— About this exercise —
Whatever the listing holds, output it without alteration.

— Data shown —
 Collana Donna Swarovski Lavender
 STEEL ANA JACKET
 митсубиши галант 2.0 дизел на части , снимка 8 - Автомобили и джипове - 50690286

— Exercise response —
 Collana Donna Swarovski Lavender
 STEEL ANA JACKET
 митсубиши галант 2.0 дизел на части , снимка 8 - Автомобили и джипове - 50690286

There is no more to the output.